Gli anni Cinquanta – Sessanta sono quelli degli inizi e della progressiva maturazione stilistica quando comincia a coniugare, come ricorda Giuseppe Appella, la lezione classica di Luciano di Laurana e Piero Della Francesca con quella di Licini e Morandi, Klee e Fautrier, arrivando a concepire opere già segnate dall’originalità ma anche dall’uso di un colore pregnante e fortemente materico.
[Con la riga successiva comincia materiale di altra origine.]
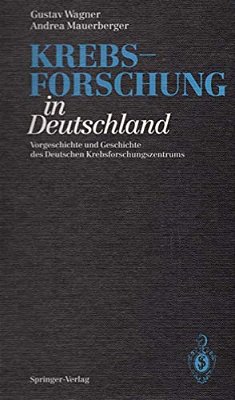 Krebsforschung In Deutschland: Vorgeschichte Und Geschichte Des Deutschen Krebsforschungszentrums-..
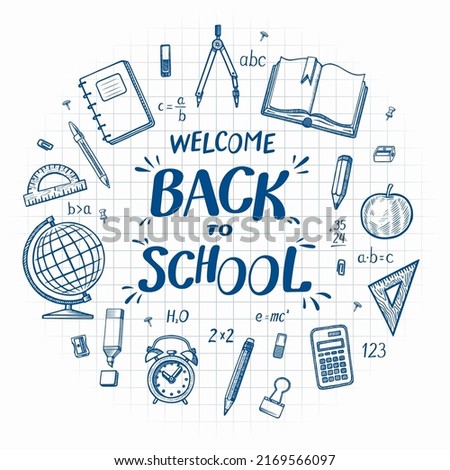 Welcome back to school vector background. Hand drawn lettering with the set of doodle icons of school supplies-schoolbook, globe, notebook, pen, pencils, rulers, stationary etc.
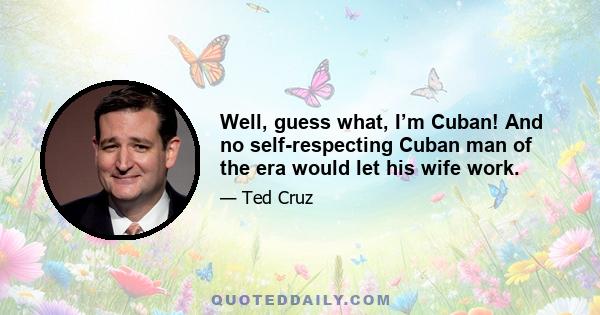 Well, guess what, I’m Cuban! And no self-respecting Cuban man of the era would let his wife work.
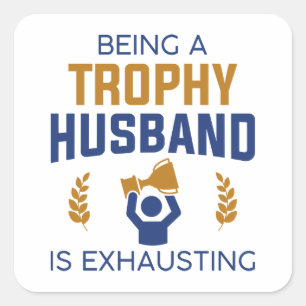 Being A Trophy Husband Is Exhausting Square Sticker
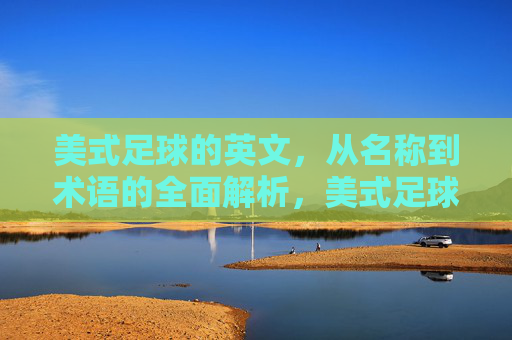 美式足球的英文，从名称到术语的全面解析，美式足球英文术语与名称全面解析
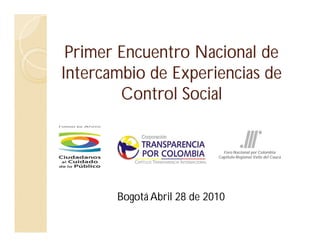 Primer Encuentro Nacional de
Intercambio de Experiencias de
        Control Social


                              Foro Nacional por Colombia
                            Capitulo Regional Valle del Cauca




       Bogotá Abril 28 de 2010
 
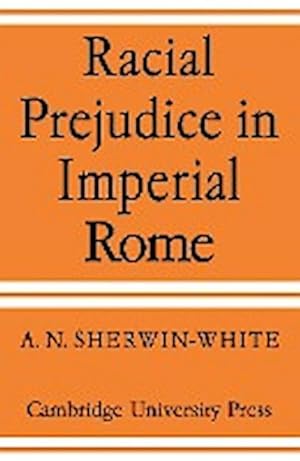 Bild des Verkufers fr Racial Prejudice in Imperial Rome zum Verkauf von AHA-BUCH GmbH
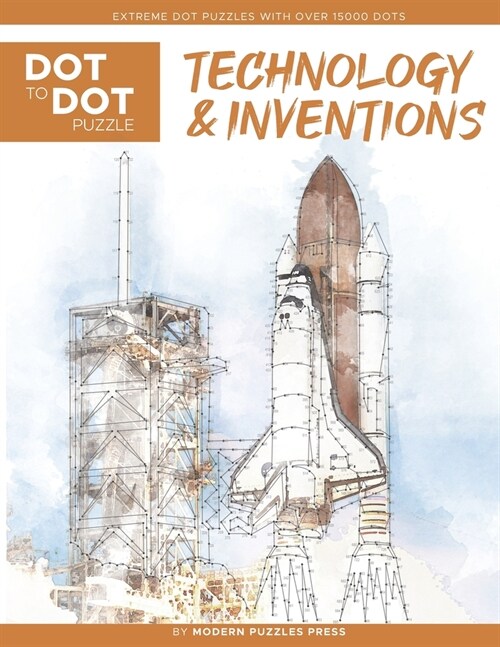 Technology & Inventions - Dot to Dot Puzzle (Extreme Dot Puzzles with over 15000 dots): Extreme Dot to Dot Books for Adults - Challenges to complete a (Paperback)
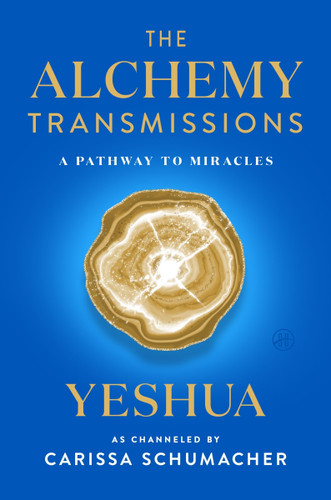 The Alchemy Transmissions: A Pathway to Miracles book cover by Carissa Schumacher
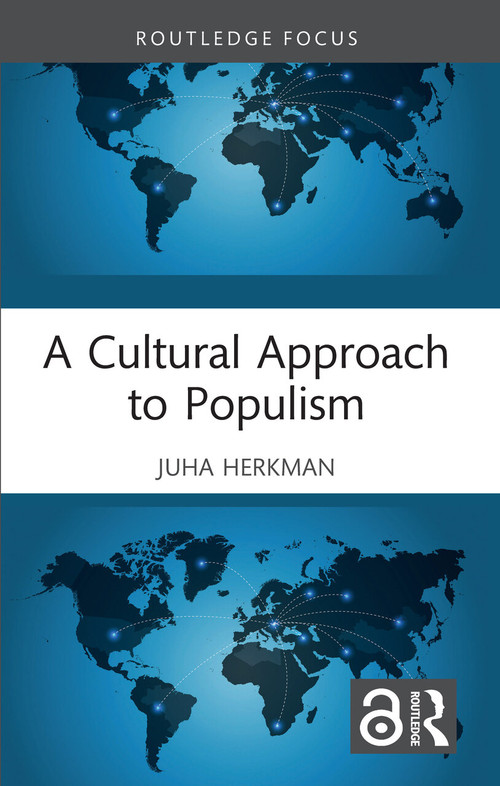 A Cultural Approach to Populism - 9781032212555 by Juha Herkman, 9781032212555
Negli anni successivi Ricci si avvia a conquistare uno stile sempre più personale con opere nelle quali “sottraendosi a ogni possibile riferimento, collocherà la forma non al centro ma nell’intero spazio della tela o del foglio di carta, senza perdere quel tono di sospensione temporale che accompagna l’angoscia della ripetizione, l’insistenza del motivo caro a quanti sovrapponendo la materia, strato su strato, istallano un campo di forze aperto e dinamico” (Giuseppe Appella).
Nino Ricci ha avuto sempre un rapporto privilegiato con la poesia e la prosa letteraria fin dai primi contatti con i poeti Libero De Libero, Leonardo Sinisgalli Giovanni Bonetto e Bartolo Cattafi, con gli scrittori e saggisti Giuseppe Passalacqua e Cesare Brandi, con la poetessa polacca Wislawa Szymboroska non ancora insignita del Premio Nobel per la letteratura, fino a più lungo e consolidato rapporto con il poeta marchigiano Eugenio De Signoribus, per il quale Ricci ha commentato con le sue opere Prose inermi (1998), L’acqua domestica (2009) e L’assedio (2009) e forse per questa sua simbiosi creativa con la letteratura che uno dei commenti più belli alla sua arte è scaturito dalla penna della scrittrice Lucia Tancredi: “Nei quadri di Nino Ricci è un nitore tattile, disteso, in cui il silenzio e un’esattezza squisita, appena toccata dal sospetto di un rito razionale e meccanico, sembrano far parte dell’amalgama. In realtà, quelli che paiono prismi e volumi geometrici che occupano spazi puliti e sgombri, figliati da un’intelligenza estatica, hanno angoli morbidi, con una femminilità cascante e una modulazione velata di colori che li fa palpitare come se, in quelle tessere di geometria pura, circolasse l’aria”.